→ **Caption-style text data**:

[Start of Attachment]

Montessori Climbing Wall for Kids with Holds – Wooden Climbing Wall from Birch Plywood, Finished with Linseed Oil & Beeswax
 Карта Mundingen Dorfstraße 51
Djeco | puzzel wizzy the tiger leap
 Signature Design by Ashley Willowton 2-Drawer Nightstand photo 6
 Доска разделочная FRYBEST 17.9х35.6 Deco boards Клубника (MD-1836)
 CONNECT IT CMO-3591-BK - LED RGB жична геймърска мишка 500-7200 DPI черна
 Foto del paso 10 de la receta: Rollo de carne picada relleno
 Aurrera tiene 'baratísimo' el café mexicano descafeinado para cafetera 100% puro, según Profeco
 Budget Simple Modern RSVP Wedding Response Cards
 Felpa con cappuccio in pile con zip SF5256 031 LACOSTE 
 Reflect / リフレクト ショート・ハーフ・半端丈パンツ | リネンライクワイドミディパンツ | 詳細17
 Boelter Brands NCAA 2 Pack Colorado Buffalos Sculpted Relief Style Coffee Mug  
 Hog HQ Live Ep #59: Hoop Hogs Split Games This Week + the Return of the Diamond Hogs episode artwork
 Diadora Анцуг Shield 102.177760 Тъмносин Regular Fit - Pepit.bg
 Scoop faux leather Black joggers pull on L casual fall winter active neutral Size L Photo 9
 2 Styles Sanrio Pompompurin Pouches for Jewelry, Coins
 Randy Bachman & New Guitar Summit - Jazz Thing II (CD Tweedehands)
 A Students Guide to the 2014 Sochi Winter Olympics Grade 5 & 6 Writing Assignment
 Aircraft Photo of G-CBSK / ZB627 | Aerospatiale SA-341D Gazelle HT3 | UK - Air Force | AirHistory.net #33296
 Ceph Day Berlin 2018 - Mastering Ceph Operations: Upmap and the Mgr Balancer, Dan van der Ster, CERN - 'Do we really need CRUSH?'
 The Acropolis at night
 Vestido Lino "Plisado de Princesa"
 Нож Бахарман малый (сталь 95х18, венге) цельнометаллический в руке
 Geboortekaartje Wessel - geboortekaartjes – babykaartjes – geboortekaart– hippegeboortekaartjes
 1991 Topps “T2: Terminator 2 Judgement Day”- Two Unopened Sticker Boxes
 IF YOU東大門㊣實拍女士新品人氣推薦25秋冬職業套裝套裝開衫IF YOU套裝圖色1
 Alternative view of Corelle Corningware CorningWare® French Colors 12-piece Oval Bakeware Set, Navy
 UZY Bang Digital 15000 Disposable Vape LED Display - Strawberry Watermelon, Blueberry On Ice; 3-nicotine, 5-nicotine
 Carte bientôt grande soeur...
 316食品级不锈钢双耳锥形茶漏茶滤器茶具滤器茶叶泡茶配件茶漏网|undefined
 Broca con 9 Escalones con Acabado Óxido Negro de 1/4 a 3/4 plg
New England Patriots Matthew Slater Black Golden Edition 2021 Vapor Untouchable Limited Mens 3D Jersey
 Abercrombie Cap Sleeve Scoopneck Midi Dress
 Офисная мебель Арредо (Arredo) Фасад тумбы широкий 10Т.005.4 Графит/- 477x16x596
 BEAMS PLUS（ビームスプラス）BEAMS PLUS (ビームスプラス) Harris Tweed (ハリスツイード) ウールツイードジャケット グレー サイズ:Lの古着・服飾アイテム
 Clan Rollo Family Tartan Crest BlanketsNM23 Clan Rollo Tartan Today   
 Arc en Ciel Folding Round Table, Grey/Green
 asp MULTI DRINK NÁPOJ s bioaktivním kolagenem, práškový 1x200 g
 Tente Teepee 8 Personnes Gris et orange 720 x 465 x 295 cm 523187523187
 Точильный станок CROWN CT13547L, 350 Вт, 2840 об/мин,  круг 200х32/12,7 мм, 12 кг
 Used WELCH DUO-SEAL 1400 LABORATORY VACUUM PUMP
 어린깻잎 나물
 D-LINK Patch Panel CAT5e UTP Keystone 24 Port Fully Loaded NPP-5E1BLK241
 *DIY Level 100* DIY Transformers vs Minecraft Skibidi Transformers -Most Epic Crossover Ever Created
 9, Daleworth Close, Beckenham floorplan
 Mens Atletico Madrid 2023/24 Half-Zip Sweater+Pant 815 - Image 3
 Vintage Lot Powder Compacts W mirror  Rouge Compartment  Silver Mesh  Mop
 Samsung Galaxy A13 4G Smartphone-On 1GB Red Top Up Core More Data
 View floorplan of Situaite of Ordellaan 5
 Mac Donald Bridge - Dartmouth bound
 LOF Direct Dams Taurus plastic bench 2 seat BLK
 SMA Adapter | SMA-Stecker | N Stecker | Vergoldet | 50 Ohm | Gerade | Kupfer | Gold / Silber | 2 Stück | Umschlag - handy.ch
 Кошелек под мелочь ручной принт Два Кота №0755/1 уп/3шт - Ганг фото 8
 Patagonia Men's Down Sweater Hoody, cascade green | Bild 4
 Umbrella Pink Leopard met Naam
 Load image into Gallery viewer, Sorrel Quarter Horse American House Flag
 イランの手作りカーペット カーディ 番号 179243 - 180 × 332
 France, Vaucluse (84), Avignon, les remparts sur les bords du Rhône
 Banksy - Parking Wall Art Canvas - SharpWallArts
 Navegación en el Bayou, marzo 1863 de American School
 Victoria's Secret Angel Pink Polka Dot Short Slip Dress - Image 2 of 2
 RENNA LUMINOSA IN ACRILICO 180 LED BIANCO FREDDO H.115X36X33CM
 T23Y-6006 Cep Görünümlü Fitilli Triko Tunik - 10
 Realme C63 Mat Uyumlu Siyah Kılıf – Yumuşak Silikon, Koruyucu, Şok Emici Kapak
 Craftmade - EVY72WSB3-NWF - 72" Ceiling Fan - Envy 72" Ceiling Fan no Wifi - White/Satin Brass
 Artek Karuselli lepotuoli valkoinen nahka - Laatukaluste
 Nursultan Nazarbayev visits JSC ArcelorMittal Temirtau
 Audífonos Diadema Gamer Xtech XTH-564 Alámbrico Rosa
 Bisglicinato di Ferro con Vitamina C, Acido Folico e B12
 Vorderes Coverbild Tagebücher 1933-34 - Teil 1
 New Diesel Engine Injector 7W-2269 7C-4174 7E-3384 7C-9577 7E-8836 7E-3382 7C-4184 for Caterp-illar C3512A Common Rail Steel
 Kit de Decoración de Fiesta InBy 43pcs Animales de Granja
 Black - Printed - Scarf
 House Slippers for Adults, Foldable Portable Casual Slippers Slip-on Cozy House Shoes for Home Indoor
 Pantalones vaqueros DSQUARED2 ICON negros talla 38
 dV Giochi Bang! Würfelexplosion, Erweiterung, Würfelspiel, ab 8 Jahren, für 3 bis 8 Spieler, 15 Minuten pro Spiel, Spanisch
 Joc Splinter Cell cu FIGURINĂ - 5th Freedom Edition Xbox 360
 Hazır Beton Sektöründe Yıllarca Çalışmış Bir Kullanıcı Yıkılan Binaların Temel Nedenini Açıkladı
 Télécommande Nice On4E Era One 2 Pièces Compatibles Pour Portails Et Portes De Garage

[End of Attachment]

→ **Work required**: Show the lines of the data that hold the word "Rollo".

→ **Your solution**:
 Foto del paso 10 de la receta: Rollo de carne picada relleno
 Clan Rollo Family Tartan Crest BlanketsNM23 Clan Rollo Tartan Today   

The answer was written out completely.